Thread - TVC XII — 31st March-2nd April

@ 2012-04-04 8:11 PM (#7095 - in reply to #7092) (#7095) Top

motris

Posts: 199

Country : United States

motris posted @ 2012-04-04 8:11 PM

You can certainly pivot rankings around whatever solvers you want ordered better, but you lose resolution in different areas. Here, if you applied something like this to the LMI rankings to try to get the 20th place solver at the right value (with 200 solvers on average), you would greatly affect the top standings because some tests would now be worth more than others. I think the top must always be fixed. The question is where a second pivot point be placed, and should there be another besides just the median result as currently in the LMI rankings. I'll note that applying this fix on Marathon, for example, makes Samurai worth much much more than some other puzzles. Which is an opposite problem from it being worth 0 for me, but this is the problem with a pick N from M system as you need equivalent pieces to drop out one or two.

I'll note, as I did on Para's blog, that the easiest way to rank solvers is to simply let them all finish a test. And then directly compare the times (or, equivalently, to use proportional time bonus so a person solving at 20 points per minute rate actually gets 20 points per minute rate bonus to keep the lead they earned). When solvers have not completed the test, and point values are somewhat arbitrary, you are going to have some misorderings that are unavoidable. With TVC, I note one problem is that early "big wins" got suppressed by smaller time bonus. TVC XII had more time bonus, but also so many more puzzle points for a solver to win. If TVC IX had an equivalent 19 puzzles, the eventual result could have been as big. Typos/errors are a whole different problem to talk about. And if you've watched my LMI tests, you know what I think is needed there.

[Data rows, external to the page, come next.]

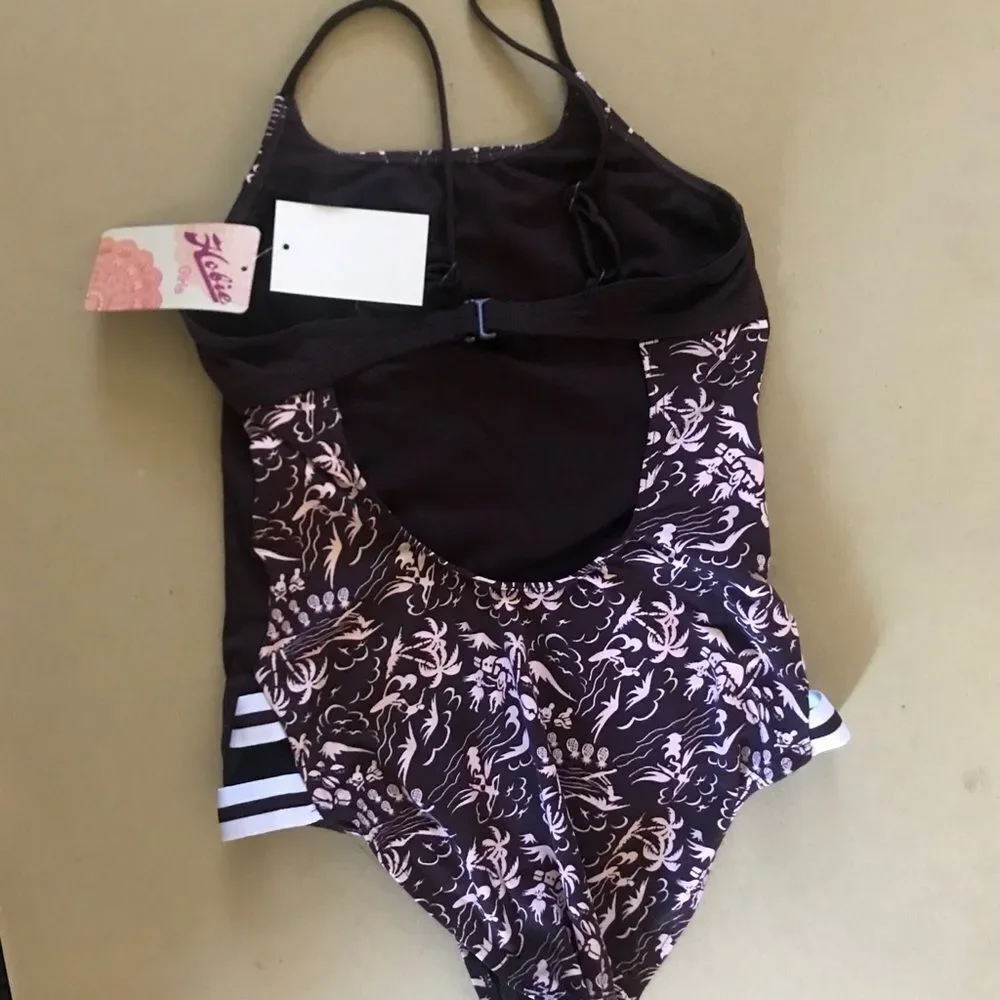 NWT Hobie Purple Girls One-Piece Swimsuit Tropical Palm Tree Print Kids Size 12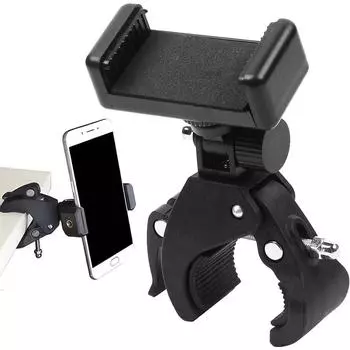 Зажим для держателя телефона, подставка для микрофона, зажим для крепления на кронштейне микрофона, держатель для мобильного телефона на велосипеде чёрный
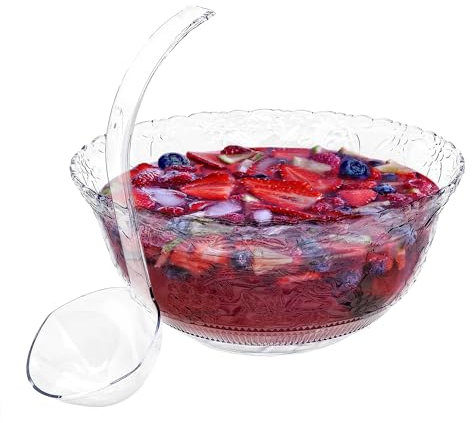 Large Clear Plastic Punch Bowl Set with Ladle, 8 Quart Serving Bowl for Parties, Clear Plastic 5 oz Serving Ladle, Embroidered Punch Bowl with Serving Ladle for Parties, BPA-free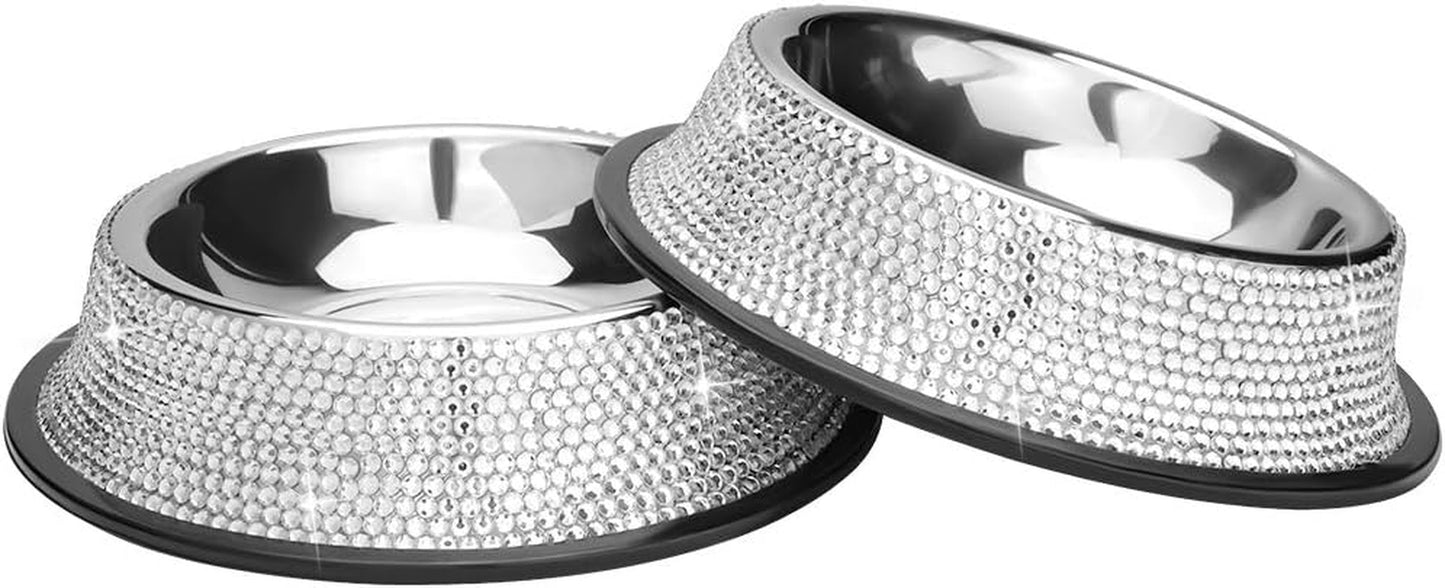 Bling Dog Bowls Pink, 640ML Handmade Bling Rhinestones Stainless Steel Pet Bowls Double Food Water Feeder for Puppy Cats Dogs - Set of 2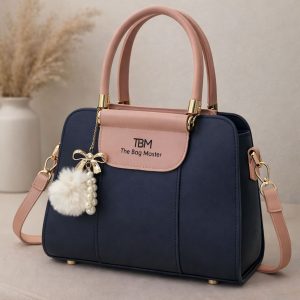 TBM The Bag Master Luxury Handbag | Elegant Two-Tone Designer Tote Bag for Women | Premium Black & Maroon Fashion Shoulder Bag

@ 2012-04-05 4:04 AM (#7097 - in reply to #7095) (#7097) Top

MellowMelon

Country : United States

MellowMelon posted @ 2012-04-05 4:04 AM

motris - 2012-04-04 8:11 AM

You can certainly pivot rankings around whatever solvers you want ordered better, but you lose resolution in different areas. Here, if you applied something like this to the LMI rankings to try to get the 20th place solver at the right value (with 200 solvers on average), you would greatly affect the top standings because some tests would now be worth more than others. I think the top must always be fixed.

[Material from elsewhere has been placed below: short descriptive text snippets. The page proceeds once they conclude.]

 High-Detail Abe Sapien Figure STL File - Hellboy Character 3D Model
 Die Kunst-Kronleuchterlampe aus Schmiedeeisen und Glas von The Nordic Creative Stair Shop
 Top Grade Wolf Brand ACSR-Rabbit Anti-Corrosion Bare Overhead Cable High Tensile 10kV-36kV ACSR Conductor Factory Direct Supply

Honestly, affecting the top standings is one reason I am proposing this; I'm not a big fan of how the current system handles things on either side. I also don't think there is an objectively perfect system, and your second paragraph agrees. My argument is that pinning to the top 10% does a better, even if imperfect, job of valuing individual tests then pinning to the top finish only, for both of podium finishers and those in the top 20. I think my post and Para's have explained how it works for the top 20 region better already, so I won't repeat that here.

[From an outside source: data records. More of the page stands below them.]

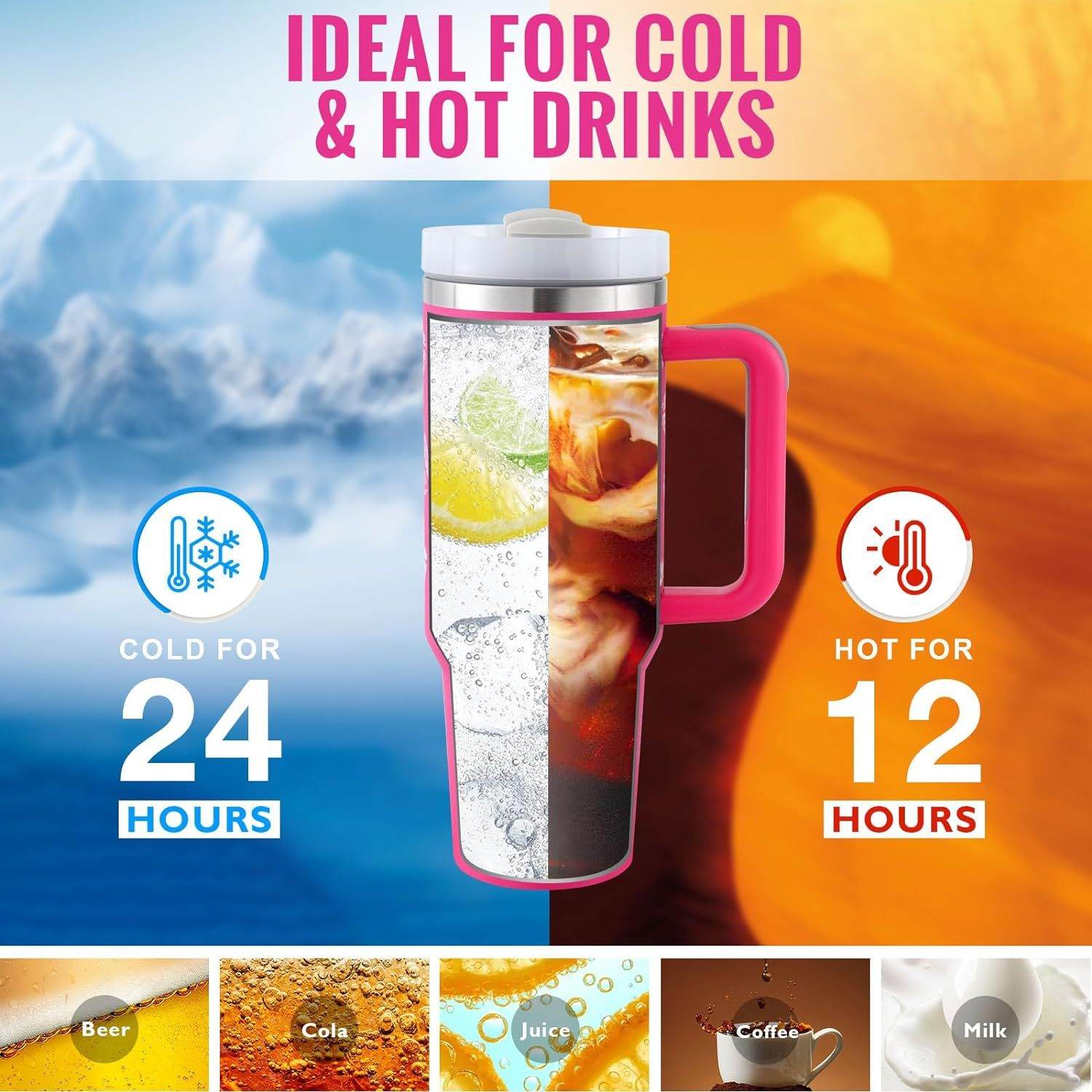40 Oz Tumbler With Handle Straw Insulated, Stainless Steel Spill Proof Vacuum Coffee Cup Tumbler With Lid Tapered Mug Gifts For Valentine Lover Suitable For Car Gym Office Travel - Velora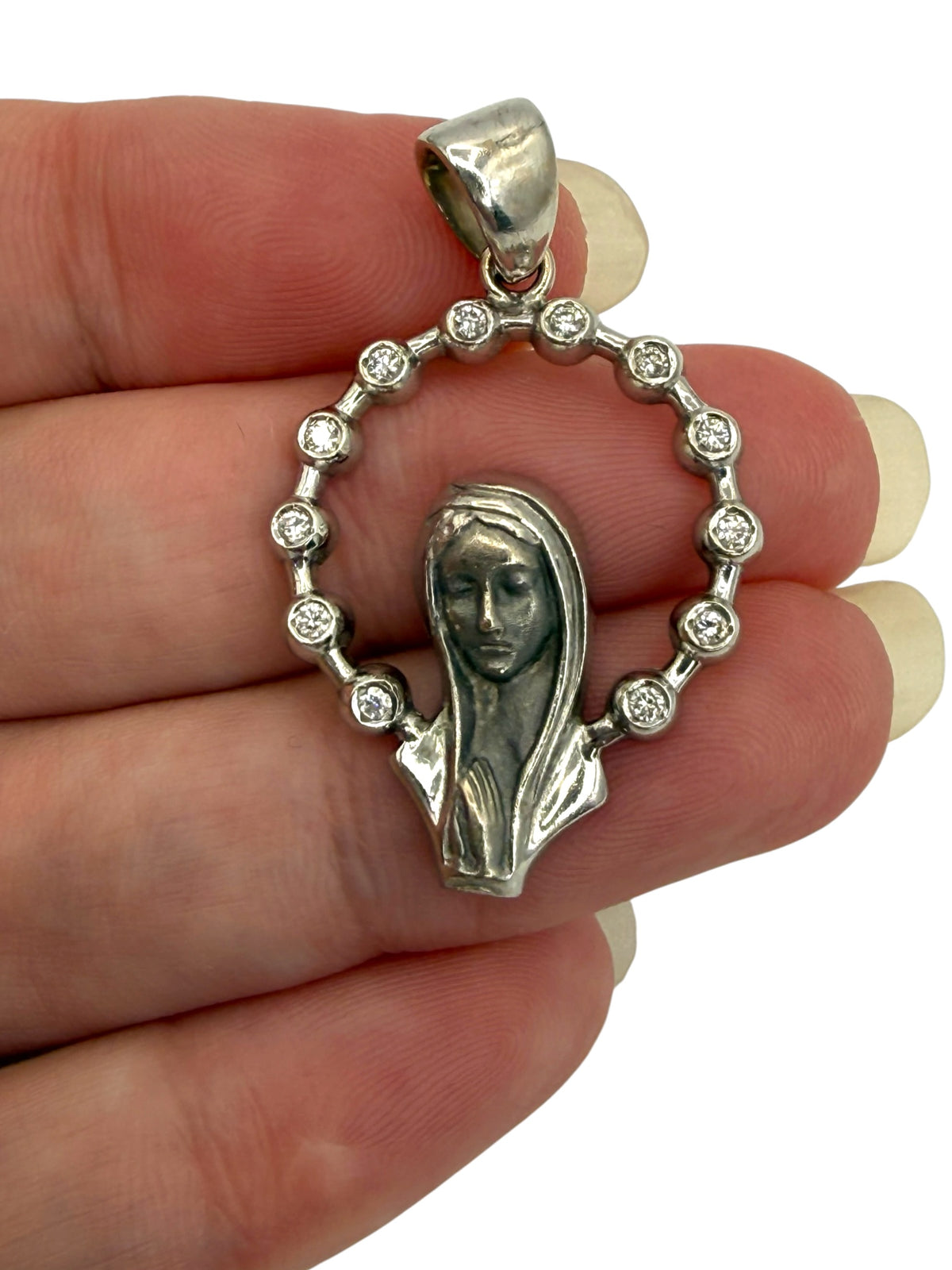 18k Diamond Madonna Pendant
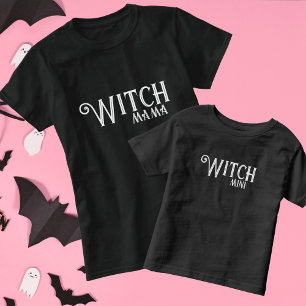 Hexen-Mini-Halloween-Mama-Passende-Weiß Kleinkind T-shirt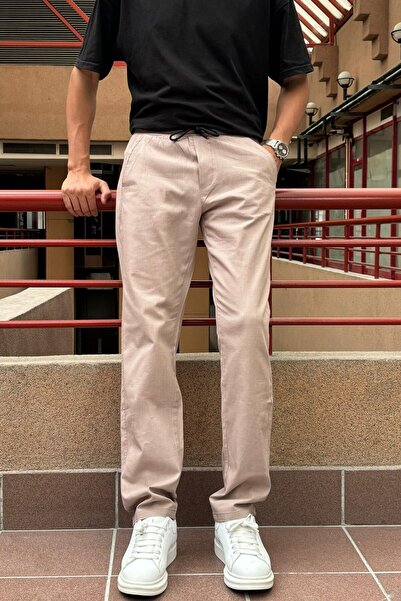 inpool Ανδρικό Old Money Culture Βαμβακερό υφαντό παντελόνι καλοκαιριού-άνοιξης 290, ελαστική μέση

For why I think it works better for the top finishers, the basic reason is that a person with a particularly strong performance is compensated for it by knocking everyone else's score down. But other competitors who get closer 1st place finishes on other tests are awarded the exact same 1000. An indirect method of compensation like this doesn't seem to work as well, especially when you have features like discarding worst performances. On the other hand, a top 10% system more directly rewards a strong performance by giving a very high NS. The only way a rival can equal that NS is to similarly blow everyone else away on another test; if they can't do that, they don't deserve to have such a high value factor into their rating. You might call this valuing tests differently; whatever it is, I consider it an advantage of the system.

In short, I think the pinning at the top should be done at the point that best predicts how a typical top finisher might be expected to do. I've felt even before the TVCs that the 1st place score does a much better job of telling how good of a day someone had than actually doing this. Top 10% isn't a perfect predictor either, but it should be closer to the mark.

(sorry to get a bit off topic from the TVC; wouldn't mind if an admin split this thread)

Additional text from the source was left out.